----- Supplied data

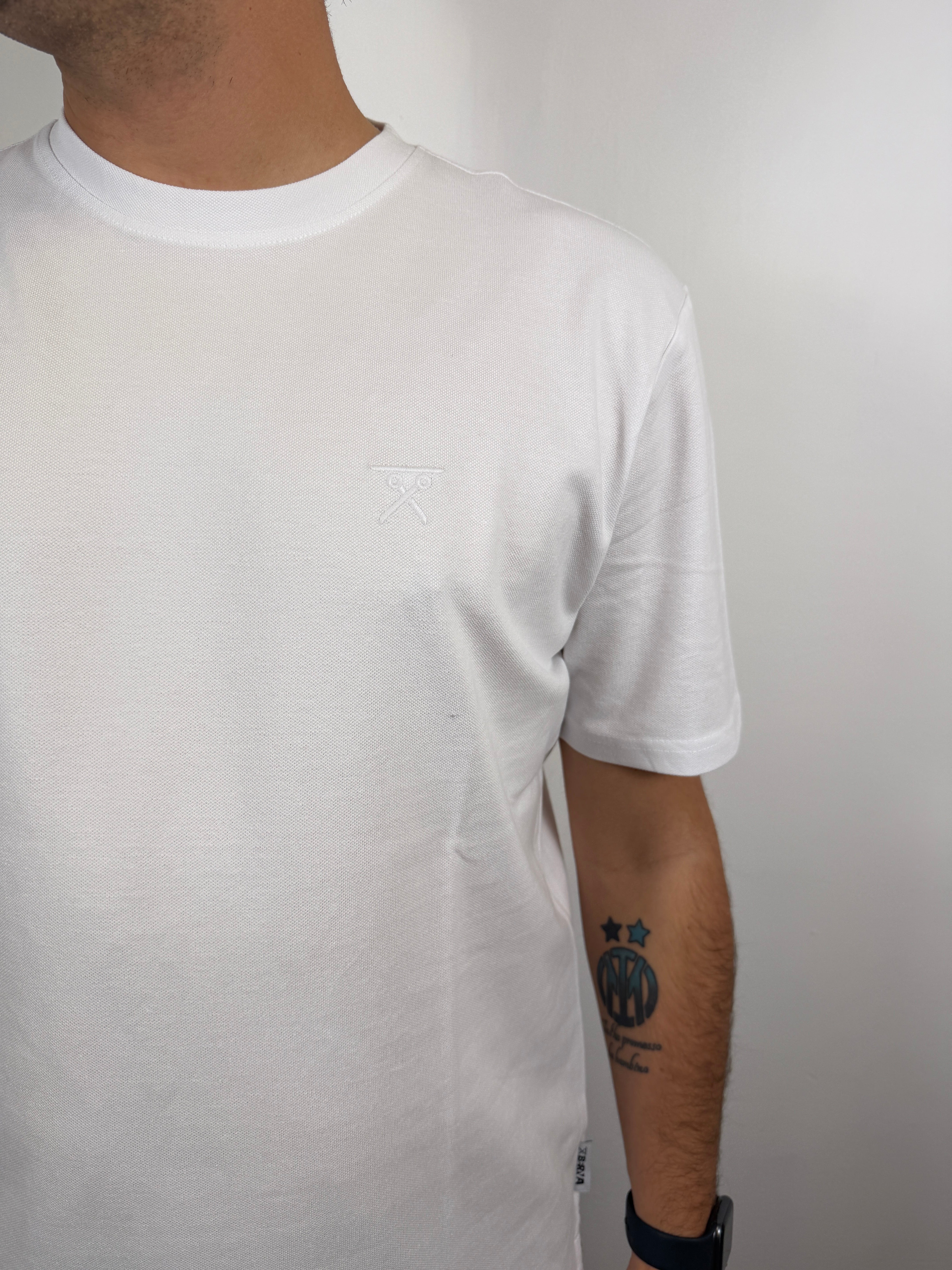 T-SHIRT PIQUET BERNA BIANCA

----------
----- Supplied data

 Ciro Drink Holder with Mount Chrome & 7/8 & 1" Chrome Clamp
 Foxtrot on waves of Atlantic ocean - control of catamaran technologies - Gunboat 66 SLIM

----------
----- Supplied data

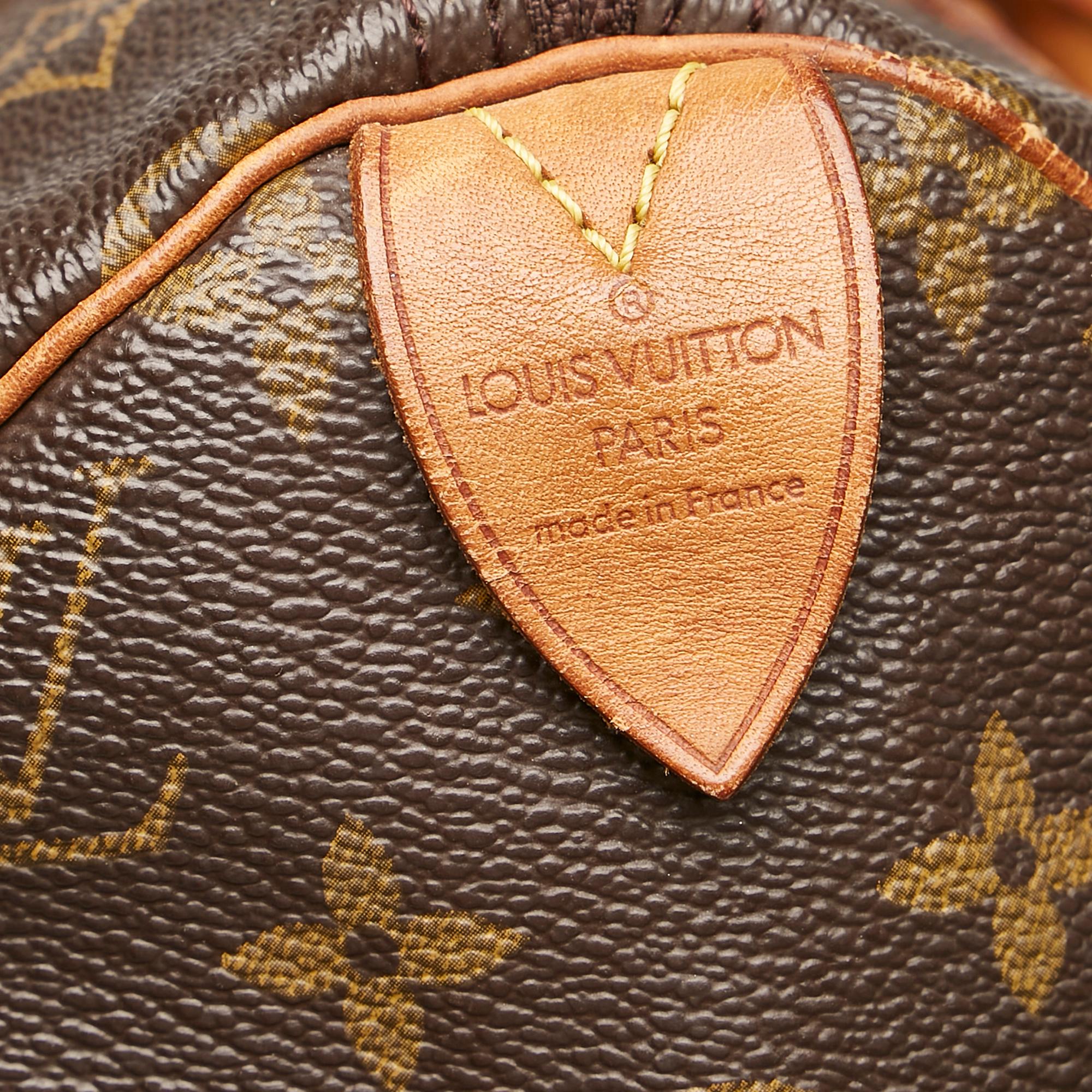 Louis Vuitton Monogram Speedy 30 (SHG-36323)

----------

Work instructions: Repeat exactly the lines above from the one with "Ciro Drink Holder" up to and including the one with "Foxtrot on waves". No other line belongs in the reply.

Response area:
 Ciro Drink Holder with Mount Chrome & 7/8 & 1" Chrome Clamp
 Foxtrot on waves of Atlantic ocean - control of catamaran technologies - Gunboat 66 SLIM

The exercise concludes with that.